Task brief
Copy out all of the entries exactly as they appear.

----

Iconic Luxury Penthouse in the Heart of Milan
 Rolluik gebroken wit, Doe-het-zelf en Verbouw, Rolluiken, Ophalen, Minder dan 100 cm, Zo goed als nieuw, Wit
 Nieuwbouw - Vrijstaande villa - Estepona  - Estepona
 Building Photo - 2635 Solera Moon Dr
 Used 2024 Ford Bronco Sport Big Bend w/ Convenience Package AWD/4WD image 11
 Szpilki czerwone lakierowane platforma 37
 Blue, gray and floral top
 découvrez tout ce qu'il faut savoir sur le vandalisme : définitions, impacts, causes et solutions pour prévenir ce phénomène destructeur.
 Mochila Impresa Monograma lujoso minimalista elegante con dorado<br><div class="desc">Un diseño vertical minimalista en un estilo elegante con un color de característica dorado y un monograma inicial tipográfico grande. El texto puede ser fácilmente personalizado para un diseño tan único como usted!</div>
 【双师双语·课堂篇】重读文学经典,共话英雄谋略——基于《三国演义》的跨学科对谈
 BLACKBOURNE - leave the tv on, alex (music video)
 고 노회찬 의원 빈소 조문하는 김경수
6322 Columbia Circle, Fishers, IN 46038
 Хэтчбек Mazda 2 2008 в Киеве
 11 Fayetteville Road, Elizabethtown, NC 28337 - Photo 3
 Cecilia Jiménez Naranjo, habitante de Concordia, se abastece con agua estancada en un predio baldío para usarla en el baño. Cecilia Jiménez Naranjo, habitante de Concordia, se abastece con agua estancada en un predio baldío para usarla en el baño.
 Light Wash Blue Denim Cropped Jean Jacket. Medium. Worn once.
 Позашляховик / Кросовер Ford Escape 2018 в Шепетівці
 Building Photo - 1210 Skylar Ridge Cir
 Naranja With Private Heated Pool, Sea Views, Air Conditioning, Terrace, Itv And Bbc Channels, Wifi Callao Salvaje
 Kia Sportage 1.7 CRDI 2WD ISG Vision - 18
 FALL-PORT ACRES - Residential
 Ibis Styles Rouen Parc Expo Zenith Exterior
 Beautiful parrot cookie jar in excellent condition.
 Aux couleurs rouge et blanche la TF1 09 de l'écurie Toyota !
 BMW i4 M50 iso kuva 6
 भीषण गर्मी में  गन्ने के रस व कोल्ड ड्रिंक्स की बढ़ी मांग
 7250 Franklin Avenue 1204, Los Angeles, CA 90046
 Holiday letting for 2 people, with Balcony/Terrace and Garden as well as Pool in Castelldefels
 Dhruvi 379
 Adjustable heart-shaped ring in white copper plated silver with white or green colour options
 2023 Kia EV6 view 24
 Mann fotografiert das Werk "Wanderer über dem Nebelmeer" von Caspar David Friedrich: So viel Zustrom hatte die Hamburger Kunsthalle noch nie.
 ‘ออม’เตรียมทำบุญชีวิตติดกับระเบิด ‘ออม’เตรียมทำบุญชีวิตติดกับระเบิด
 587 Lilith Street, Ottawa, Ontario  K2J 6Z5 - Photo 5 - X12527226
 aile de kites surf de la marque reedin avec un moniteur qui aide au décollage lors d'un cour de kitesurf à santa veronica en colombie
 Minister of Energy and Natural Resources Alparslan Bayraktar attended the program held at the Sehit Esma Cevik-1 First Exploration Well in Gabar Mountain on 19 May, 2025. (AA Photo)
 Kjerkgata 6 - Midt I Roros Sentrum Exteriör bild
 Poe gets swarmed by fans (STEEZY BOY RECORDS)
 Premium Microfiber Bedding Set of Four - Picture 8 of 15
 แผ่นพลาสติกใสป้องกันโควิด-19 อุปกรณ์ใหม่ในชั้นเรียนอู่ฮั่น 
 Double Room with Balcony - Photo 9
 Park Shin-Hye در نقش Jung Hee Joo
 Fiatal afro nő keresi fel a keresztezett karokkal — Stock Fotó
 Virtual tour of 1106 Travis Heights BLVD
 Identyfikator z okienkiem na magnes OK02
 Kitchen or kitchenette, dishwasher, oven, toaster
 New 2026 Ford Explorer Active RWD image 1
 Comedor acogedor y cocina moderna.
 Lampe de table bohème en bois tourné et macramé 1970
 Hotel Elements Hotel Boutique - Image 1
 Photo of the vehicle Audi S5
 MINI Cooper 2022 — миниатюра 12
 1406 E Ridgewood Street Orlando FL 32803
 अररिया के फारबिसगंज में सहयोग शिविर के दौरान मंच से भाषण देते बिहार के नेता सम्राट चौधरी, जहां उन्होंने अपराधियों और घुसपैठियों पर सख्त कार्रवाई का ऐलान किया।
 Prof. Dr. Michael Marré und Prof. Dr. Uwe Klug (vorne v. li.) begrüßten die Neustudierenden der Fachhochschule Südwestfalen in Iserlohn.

----

Response to the task
Iconic Luxury Penthouse in the Heart of Milan
 Rolluik gebroken wit, Doe-het-zelf en Verbouw, Rolluiken, Ophalen, Minder dan 100 cm, Zo goed als nieuw, Wit
 Nieuwbouw - Vrijstaande villa - Estepona  - Estepona
 Building Photo - 2635 Solera Moon Dr
 Used 2024 Ford Bronco Sport Big Bend w/ Convenience Package AWD/4WD image 11
 Szpilki czerwone lakierowane platforma 37
 Blue, gray and floral top
 découvrez tout ce qu'il faut savoir sur le vandalisme : définitions, impacts, causes et solutions pour prévenir ce phénomène destructeur.
 Mochila Impresa Monograma lujoso minimalista elegante con dorado<br><div class="desc">Un diseño vertical minimalista en un estilo elegante con un color de característica dorado y un monograma inicial tipográfico grande. El texto puede ser fácilmente personalizado para un diseño tan único como usted!</div>
 【双师双语·课堂篇】重读文学经典,共话英雄谋略——基于《三国演义》的跨学科对谈
 BLACKBOURNE - leave the tv on, alex (music video)
 고 노회찬 의원 빈소 조문하는 김경수
6322 Columbia Circle, Fishers, IN 46038
 Хэтчбек Mazda 2 2008 в Киеве
 11 Fayetteville Road, Elizabethtown, NC 28337 - Photo 3
 Cecilia Jiménez Naranjo, habitante de Concordia, se abastece con agua estancada en un predio baldío para usarla en el baño. Cecilia Jiménez Naranjo, habitante de Concordia, se abastece con agua estancada en un predio baldío para usarla en el baño.
 Light Wash Blue Denim Cropped Jean Jacket. Medium. Worn once.
 Позашляховик / Кросовер Ford Escape 2018 в Шепетівці
 Building Photo - 1210 Skylar Ridge Cir
 Naranja With Private Heated Pool, Sea Views, Air Conditioning, Terrace, Itv And Bbc Channels, Wifi Callao Salvaje
 Kia Sportage 1.7 CRDI 2WD ISG Vision - 18
 FALL-PORT ACRES - Residential
 Ibis Styles Rouen Parc Expo Zenith Exterior
 Beautiful parrot cookie jar in excellent condition.
 Aux couleurs rouge et blanche la TF1 09 de l'écurie Toyota !
 BMW i4 M50 iso kuva 6
 भीषण गर्मी में  गन्ने के रस व कोल्ड ड्रिंक्स की बढ़ी मांग
 7250 Franklin Avenue 1204, Los Angeles, CA 90046
 Holiday letting for 2 people, with Balcony/Terrace and Garden as well as Pool in Castelldefels
 Dhruvi 379
 Adjustable heart-shaped ring in white copper plated silver with white or green colour options
 2023 Kia EV6 view 24
 Mann fotografiert das Werk "Wanderer über dem Nebelmeer" von Caspar David Friedrich: So viel Zustrom hatte die Hamburger Kunsthalle noch nie.
 ‘ออม’เตรียมทำบุญชีวิตติดกับระเบิด ‘ออม’เตรียมทำบุญชีวิตติดกับระเบิด
 587 Lilith Street, Ottawa, Ontario  K2J 6Z5 - Photo 5 - X12527226
 aile de kites surf de la marque reedin avec un moniteur qui aide au décollage lors d'un cour de kitesurf à santa veronica en colombie
 Minister of Energy and Natural Resources Alparslan Bayraktar attended the program held at the Sehit Esma Cevik-1 First Exploration Well in Gabar Mountain on 19 May, 2025. (AA Photo)
 Kjerkgata 6 - Midt I Roros Sentrum Exteriör bild
 Poe gets swarmed by fans (STEEZY BOY RECORDS)
 Premium Microfiber Bedding Set of Four - Picture 8 of 15
 แผ่นพลาสติกใสป้องกันโควิด-19 อุปกรณ์ใหม่ในชั้นเรียนอู่ฮั่น 
 Double Room with Balcony - Photo 9
 Park Shin-Hye در نقش Jung Hee Joo
 Fiatal afro nő keresi fel a keresztezett karokkal — Stock Fotó
 Virtual tour of 1106 Travis Heights BLVD
 Identyfikator z okienkiem na magnes OK02
 Kitchen or kitchenette, dishwasher, oven, toaster
 New 2026 Ford Explorer Active RWD image 1
 Comedor acogedor y cocina moderna.
 Lampe de table bohème en bois tourné et macramé 1970
 Hotel Elements Hotel Boutique - Image 1
 Photo of the vehicle Audi S5
 MINI Cooper 2022 — миниатюра 12
 1406 E Ridgewood Street Orlando FL 32803
 अररिया के फारबिसगंज में सहयोग शिविर के दौरान मंच से भाषण देते बिहार के नेता सम्राट चौधरी, जहां उन्होंने अपराधियों और घुसपैठियों पर सख्त कार्रवाई का ऐलान किया।
 Prof. Dr. Michael Marré und Prof. Dr. Uwe Klug (vorne v. li.) begrüßten die Neustudierenden der Fachhochschule Südwestfalen in Iserlohn.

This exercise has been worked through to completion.